--- Records supplied ---
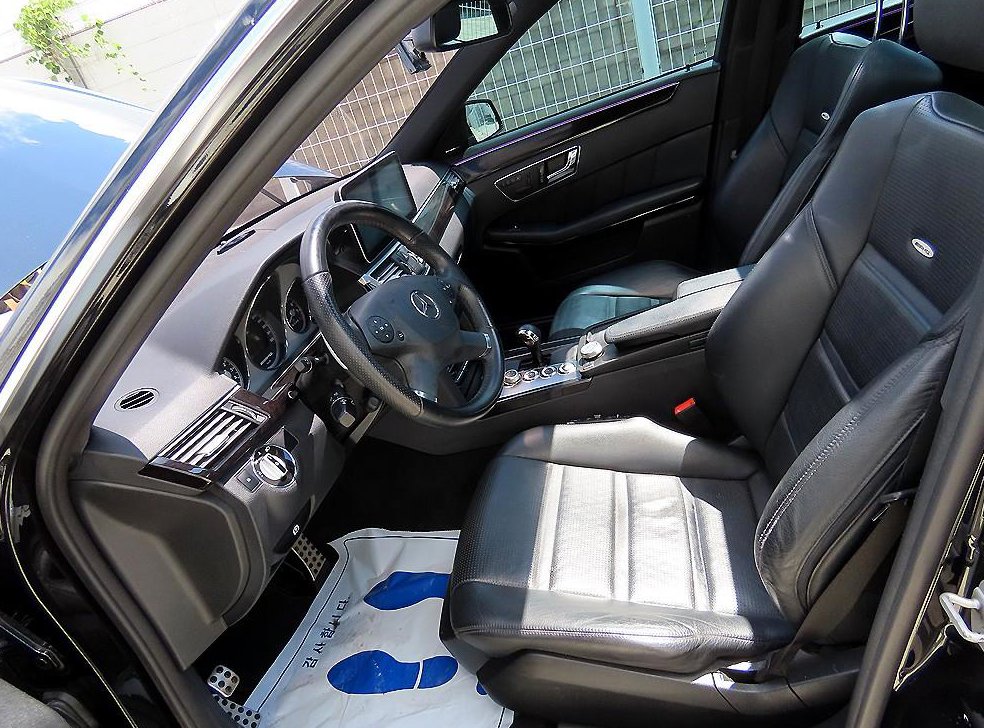 벤츠 E 클래스 E63 AMG 사진 5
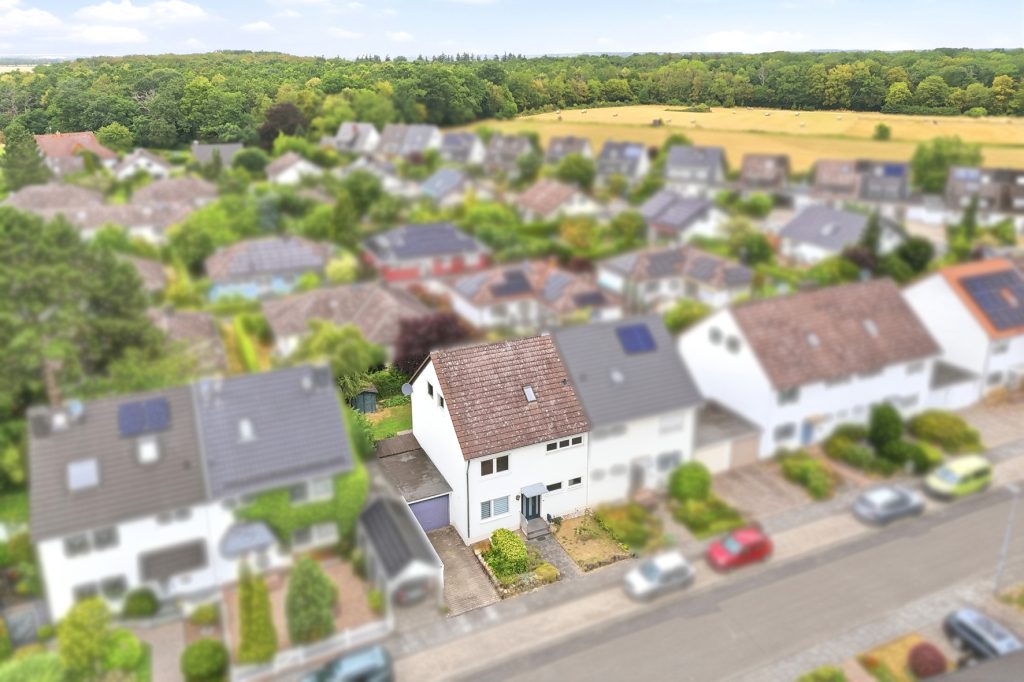 Gütelhöfer Immobilien - Immobilienangebot - Swisttal / Morenhoven - Alle - Großzügiges und kurzfristig bezugsfreies Familiendomizil mit Garten, Garage und neuwertigem Bad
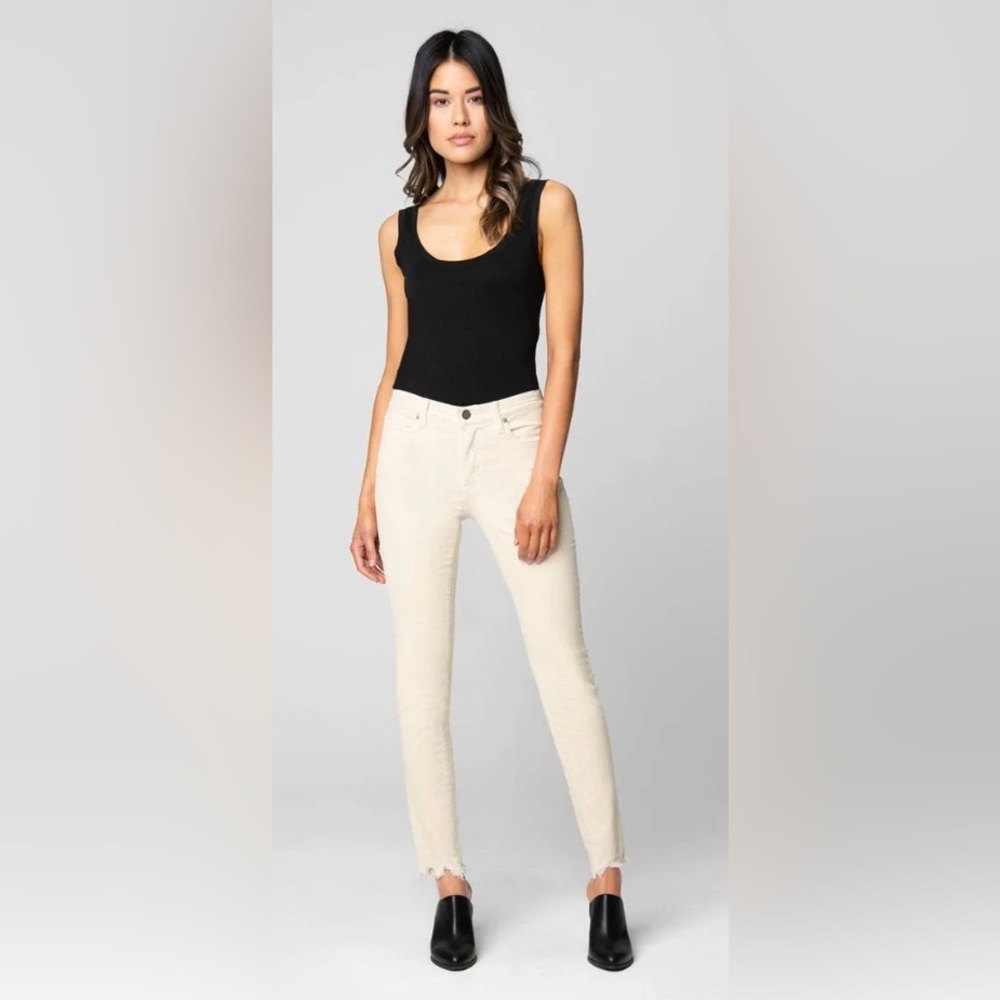 BLANK NYC The Bond Corduroy mid-rise Skinny Jeans Seashell NWT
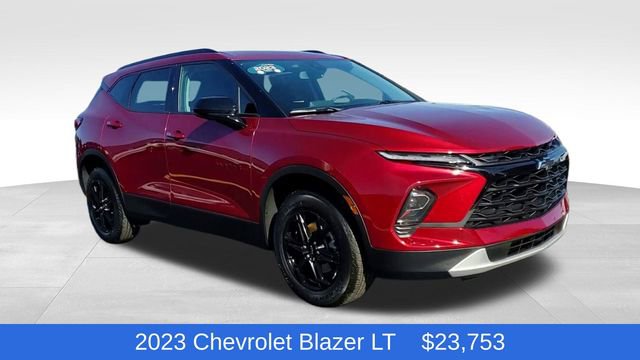 Used 2023 Chevrolet Blazer LT w/ Convenience Package image 2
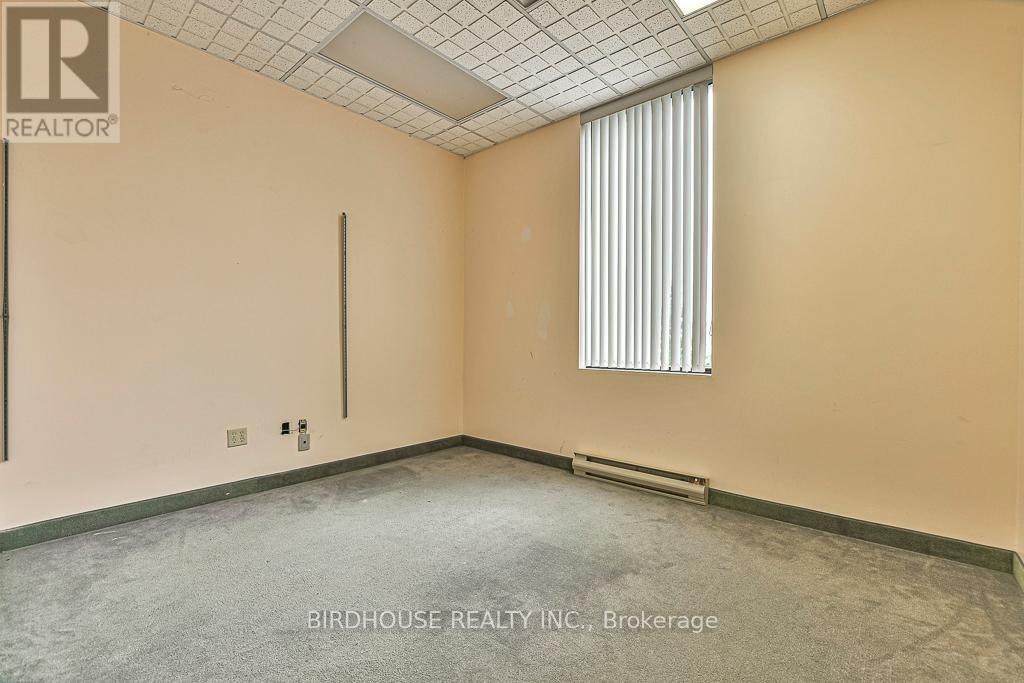 Photo 17 of 3 2200 Sqft 108 Angeline Street S, Kawartha Lakes ON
---
■ **Exercise goal**
Every entry is to be reproduced word for word, and no image is carried over.

■ **Written answer**
 벤츠 E 클래스 E63 AMG 사진 5
 Gütelhöfer Immobilien - Immobilienangebot - Swisttal / Morenhoven - Alle - Großzügiges und kurzfristig bezugsfreies Familiendomizil mit Garten, Garage und neuwertigem Bad
 BLANK NYC The Bond Corduroy mid-rise Skinny Jeans Seashell NWT
 Used 2023 Chevrolet Blazer LT w/ Convenience Package image 2
 Photo 17 of 3 2200 Sqft 108 Angeline Street S, Kawartha Lakes ON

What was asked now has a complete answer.